In her memoir, the London fashion guru recounts her privileged upbringing, relationship with Princess Margaret, TV career and sobriety journey / BY Leanne Delap / March 14th, 2023


Susannah Constantine is best known for What Not to Wear, an early 2000s reality TV show where she and Trinny Woodall were fashion police with critical eyes and sharp tongues who transformed everyday Britons from drab to fab on the BBC. The style gurus spun the show into a series of fashion books; since then, Constantine has been writing for newspapers and published two novels, After the Snow and Summer in Mayfair.

Now the former London It Girl has penned a rollicking memoir, Ready for Absolutely Nothing, that recounts her early years and glory days, and ends with gravitas as she describes what happened when the merry-go-round stopped and she began her journey as a recovering alcoholic.

Now 60, Constantine was the daughter of upper middle-class parents who were rich, but not part of the aristocracy. In the book, she has vivid recollections of her education at posh but rather grim and cheerless boarding schools. The last one, which accepted “any old thickie” and rarely paved a path to upper education, disgorged her with no expectations. “I wasn’t encouraged to have an opinion about anything – politics, religion, the Suez Crisis,” she says. Her main worry about the 1956 Arab-Israeli war, which interrupted oil shipping from the Middle East to Europe, was whether “I had enough petrol to get down to the stables.”

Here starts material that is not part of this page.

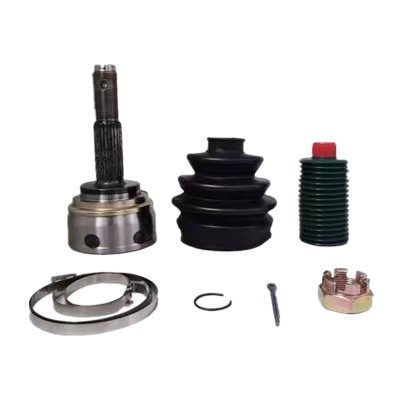39100-50Y00 CV JOINT NI-13 AB-4059-2H for ALMERA I (N15) 1.4 ,FOR SUNNY III Hatchback (N14) 2.0 D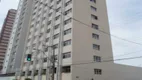 Foto 2 de Apartamento com 4 Quartos à venda, 194m² em Centro, Uberaba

She graduated into the heady stew of London’s Sloane Rangers during the 80s and 90s, when she dated Princess Margaret’s son, David Armstrong-Jones (then Viscount Linley), and ran with a fast crowd that included Imran Khan, Adam Ant, Liz Hurley, Elton John, Sam Taylor Wood and Ghislaine Maxwell. After the TV years, Constantine settled into a peaceful country life with her husband and kids.

 

Susanna Constantine

 

Ready for Absolutely Nothing is chock-a-block with famous names and hangouts – Annabelle’s and Tramp, for dedicated readers of Tatler – and delightfully scattered in its non-linear presentation. It is also compulsively readable, and often moving: While looking in the rearview mirror, Constantine has incisive views about the class system in Britain and how it strangles personal growth. Barmy British diarists are a great passion of mine – give me Debo, Duchess of Devonshire rattling on about chickens and country fairs, anytime – but Constantine is an unexpectedly wise observer who explains how women of her generation were raised to marry, and to think that was the full measure of their lives. This sentiment is reflected in the title of the book.

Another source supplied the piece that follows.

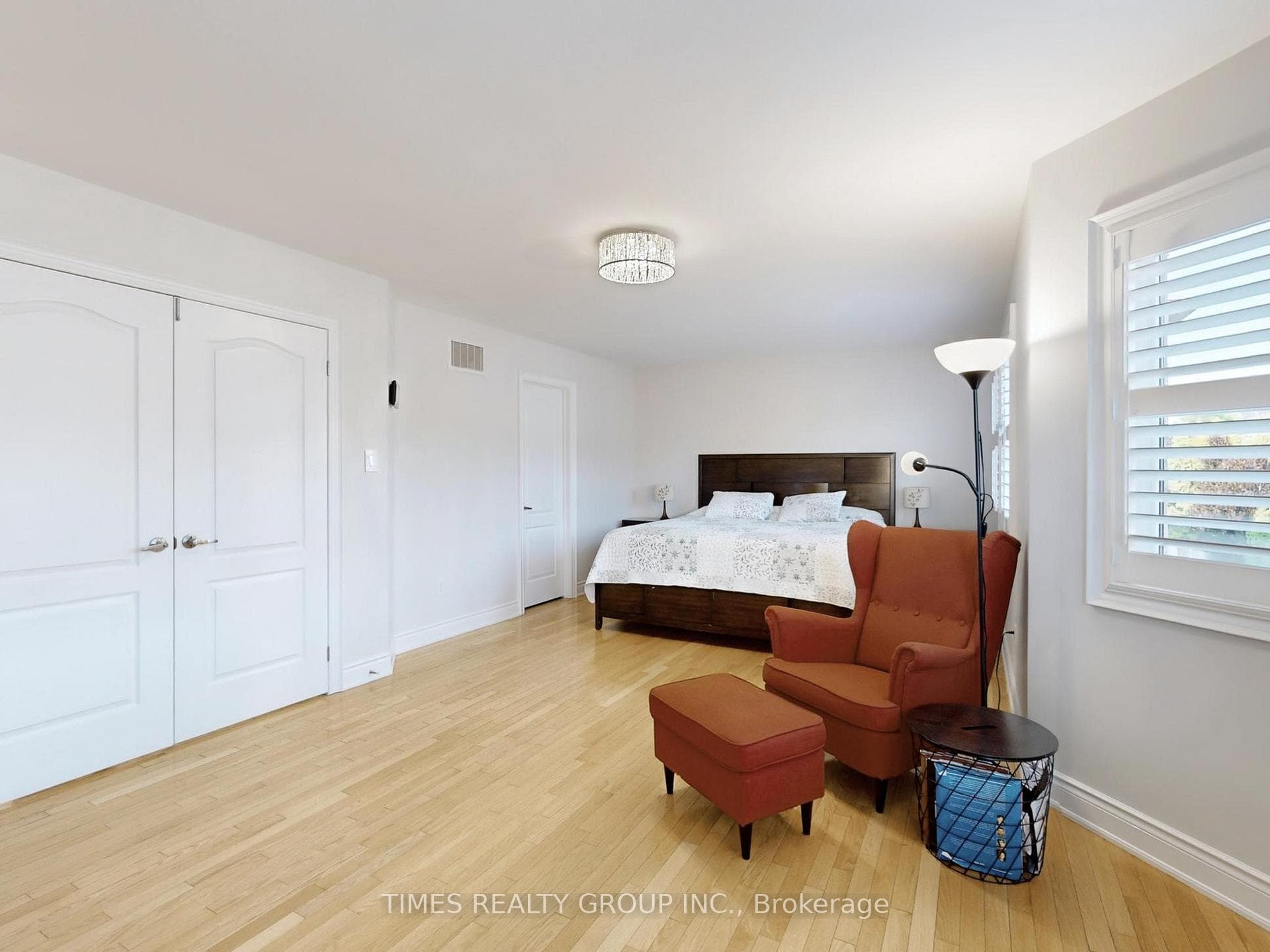 89 Golden Forest Road photo 20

“There was no expectation for girls from my background to accomplish anything except basically become their mothers,” she says in a phone interview from London. It was a sexist hangover from the 1950s, “because the British upper classes hadn’t really moved on from that. It was all so inward looking.”

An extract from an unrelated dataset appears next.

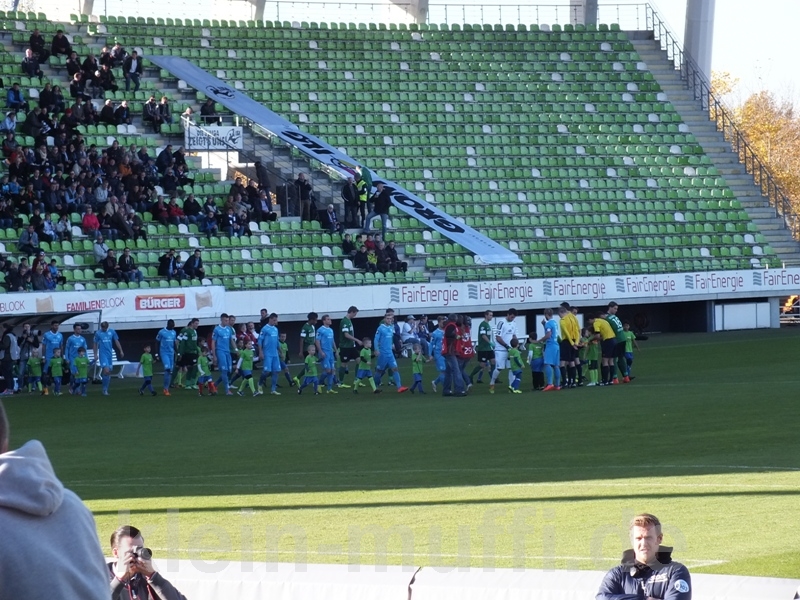 reutlingen09112014_154.jpg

She entered a world she calls the Careless Class, dedicated to horses, nightclubs and waiting around to get married. Her saviour was an unlikely one. “It did take Princess Margaret to open my eyes to the rest of the world. She helped me – a female Henry Higgins – and I was her Eliza Doolittle,” she says of her transformation from privileged innocent to citizen of the world. “She opened my eyes to the fact that there was more out there. That my opinions should be strong ones, and I should stand by them.”

 

 

Susannah Constantine
When Constantine was dating David Armstrong-Jones in the mid-80s, his mother, Princess Margaret, gave her invaluable advice. Photo: Dave Hogan/Getty Images

 

So began her career as a fashion guru, but she and Woodall became so intertwined in the public mind that “people would stop me in the streets and call ‘Trinny and Susannah,’” she says, as though it was one name. This led to an identity crisis at 40, when their post-What Not to Wear show, Trinny & Susannah Undress the Nation, ended in 2007. “We spent our entire adult lives as a duo working together. We did everything together: we travelled a lot, worked extremely long hours, my father died, then my mother died, then our babies came. We went through all that and then it ended. People had got bored of looking at us and watching us, and we got bored, too.” It wasn’t really a breakup as much as the end of an intense chapter of their careers.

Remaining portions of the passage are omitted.